Jerry Cantrell may possibly be jinxed.

I don’t really believe in that kind of thing, but I’ve known the guy for a lot of years, and if he’s not jinxed, he’s at least had a pretty solid stretch of culinary misfortune.

What am I talking about?

World renowned rock star Jerry Cantrell has had a run of bad luck dating back at least a decade when it comes to all things food related.

It would almost be comical if it weren’t so frustrating for him.

Most of this pertains to the after show food we order for the band to eat on the bus rides after the shows.

Jerry orders a salad.

The restaurant forgets the dressing.

Jerry orders a steak medium rare.

It arrives well done.

Jerry orders a side of fries.

He gets onion rings.

And if everything is correct with the order, then the odds are pretty good that at least part of it will just suck.

I saw something sitting in front of him last night that I wouldn’t have deduced was gyoza if you’d given me 10 guesses.

I’ve seen this man get screwed over by restaurants so many times I’ve just come to expect it.

And so has he.

Our production coordinator and I go out of our way to try and keep this from happening, but it almost always still does.

I would say at least two or three times a week his order is either wrong, bad, or missing something.

But every dark cloud has a silver lining.

Jerry has a reverse jinx too.

This one is related to sporting events, and once again, I’m not necessarily a believer, but I’ve seen it happen in person several times, so maybe he’s right in thinking it’s true.

Basically the reverse jinx revolves around good things happening for Jerry’s favorite teams when he leaves the stadium or arena.

Example 1: Super Bowl XLIII, 2009.

Jerry and I are fortunate enough to be in Tampa to watch our beloved Pittsburgh Steelers play the Arizona Cardinals.

It’s right before halftime, and Arizona is inside the 5 yard line and about to score.

Jerry decides, “Screw it. I don’t wanna watch Arizona score. I’m going up to the concourse to have a cigarette”.

Pittsburgh intercepts a pass and returns it 100 yards for a touchdown on the last play of the half.

Pittsburgh goes on to win by 4 points.

Example 2: NFC Championship Game, 2014

Alice In Chains plays halftime of the game between Seattle and Green Bay, and are given a luxury box to watch the game from.

Our beloved Seahawks are absolutely sucking the tailpipe all game long against Green Bay.

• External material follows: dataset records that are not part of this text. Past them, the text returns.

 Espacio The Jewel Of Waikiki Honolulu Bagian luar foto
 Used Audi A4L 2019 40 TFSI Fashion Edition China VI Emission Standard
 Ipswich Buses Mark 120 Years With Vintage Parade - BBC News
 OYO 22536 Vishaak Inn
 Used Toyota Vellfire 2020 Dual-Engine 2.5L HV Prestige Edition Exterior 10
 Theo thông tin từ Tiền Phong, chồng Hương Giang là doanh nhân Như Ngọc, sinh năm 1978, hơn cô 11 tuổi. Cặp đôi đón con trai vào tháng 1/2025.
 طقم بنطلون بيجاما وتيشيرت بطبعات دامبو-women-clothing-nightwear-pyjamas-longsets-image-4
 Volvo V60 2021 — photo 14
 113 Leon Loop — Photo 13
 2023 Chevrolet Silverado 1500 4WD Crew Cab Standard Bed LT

With 5 minutes left and the Seahawks down by 12, they throw another interception, basically giving the game to Green Bay.

Jerry decides, “Screw it. I don’t wanna witness the last 5 minutes of this debacle. I’m leaving”.

He leaves, and Seattle gets the ball back and scores.

But he hadn’t left the stadium yet, so he watches from up in the concourse.

Seattle gets the ball back on an onside kick and Jerry decides to come back to the box.

He walks in, and literally everyone else there turns around and screams at him to get the hell out (the reverse jinx is well-known in our circle).

He walks back out into the concourse and Seattle scores again, and eventually wins in overtime.

I’ve seen this happen at least two other times at games, when he leaves his seat and something good happens for our team.

It’s kind of remarkable.

But it’s not football season anymore.

It’s touring season.

And yeah, Pittsburgh won Super Bowl XLIII 9 years ago, but that doesn’t make the gyoza taste any better in 2018.

So Jerry will have to suffer through four more months of erroneous and ill-tasting food orders before football season rolls around and provides some hope to reverse the curse.